**EXERCISE PROMPT**:
Go through the data below and copy it exactly, skipping every picture.

**EXERCISE DATA**:
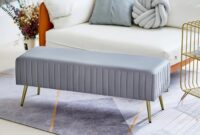 Modern Beige Bench Velvet Bench Upholstered Bench with Metal Legs Modern Beige Bench Velvet Bench Upholstered Bench with Metal Legs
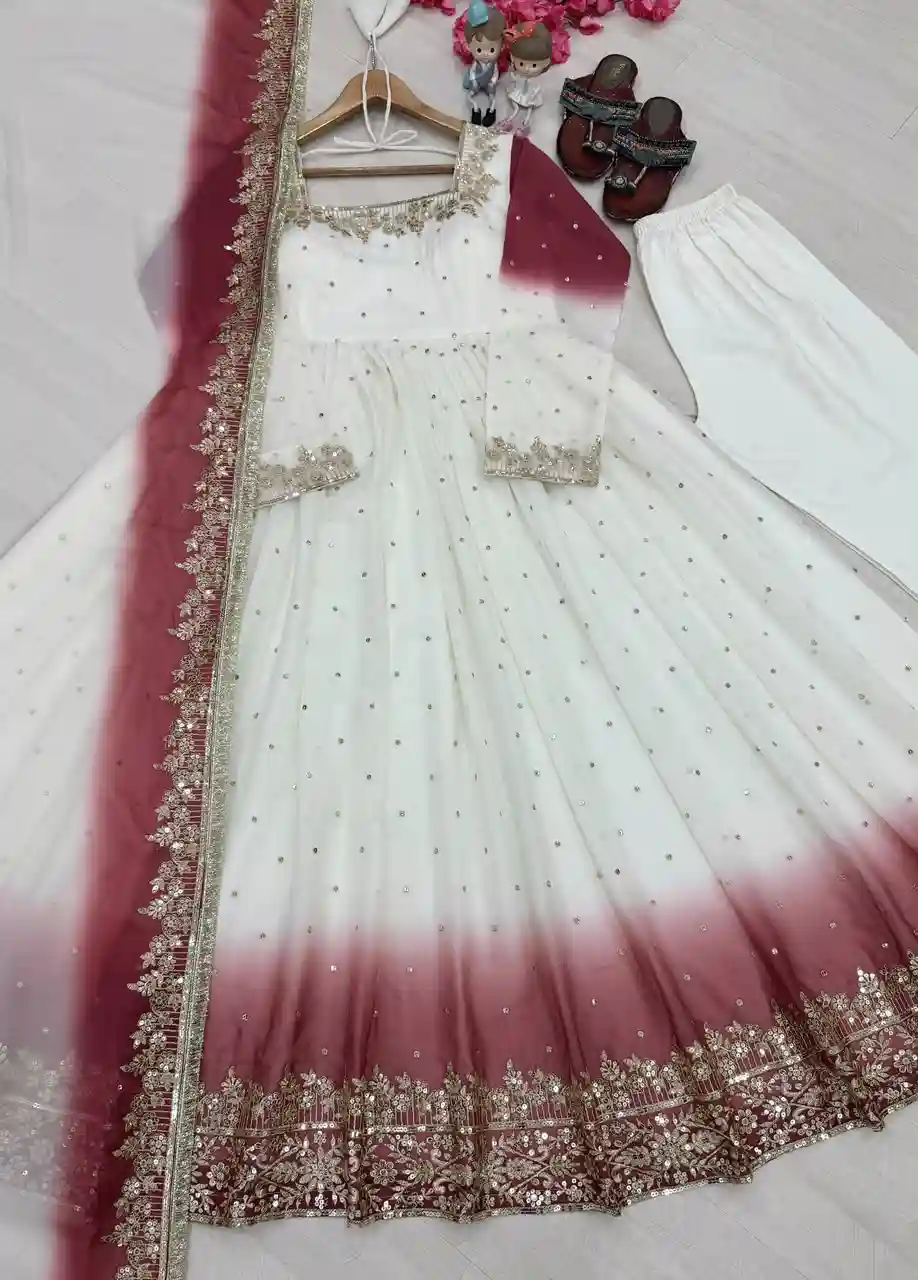 White + Meroon Star Georgette ( SGM01)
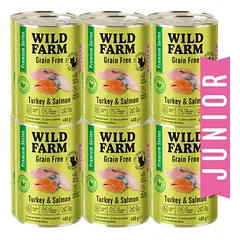 WILD FARM Premium Grain Free Turkey and Salmon Junior 12x400g - kačiukų ėdalas be grūdų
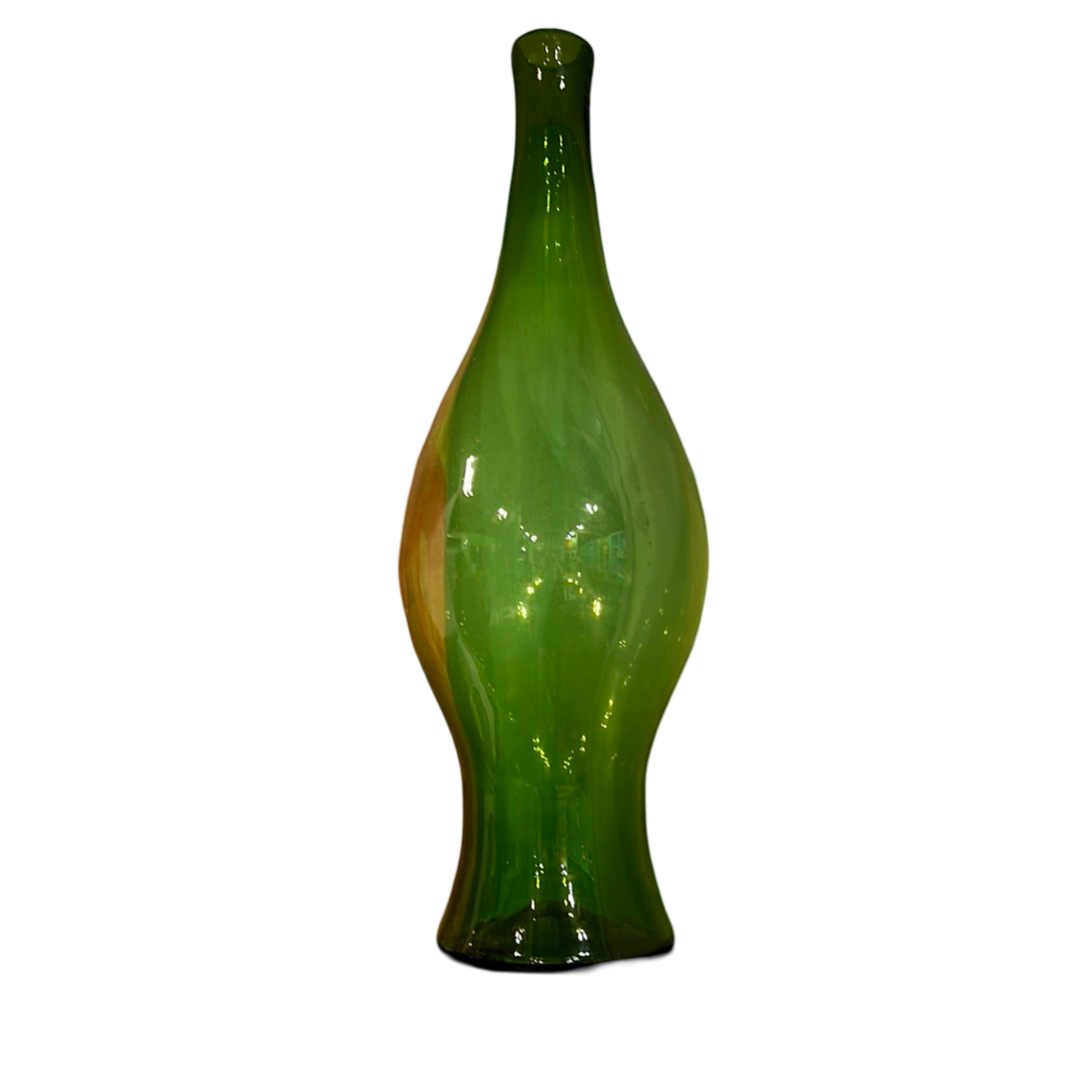 Olive Green 24" Blenko Urn Vase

**OUTPUT OF THE TASK**:
 Modern Beige Bench Velvet Bench Upholstered Bench with Metal Legs Modern Beige Bench Velvet Bench Upholstered Bench with Metal Legs
 White + Meroon Star Georgette ( SGM01)
 WILD FARM Premium Grain Free Turkey and Salmon Junior 12x400g - kačiukų ėdalas be grūdų
 Olive Green 24" Blenko Urn Vase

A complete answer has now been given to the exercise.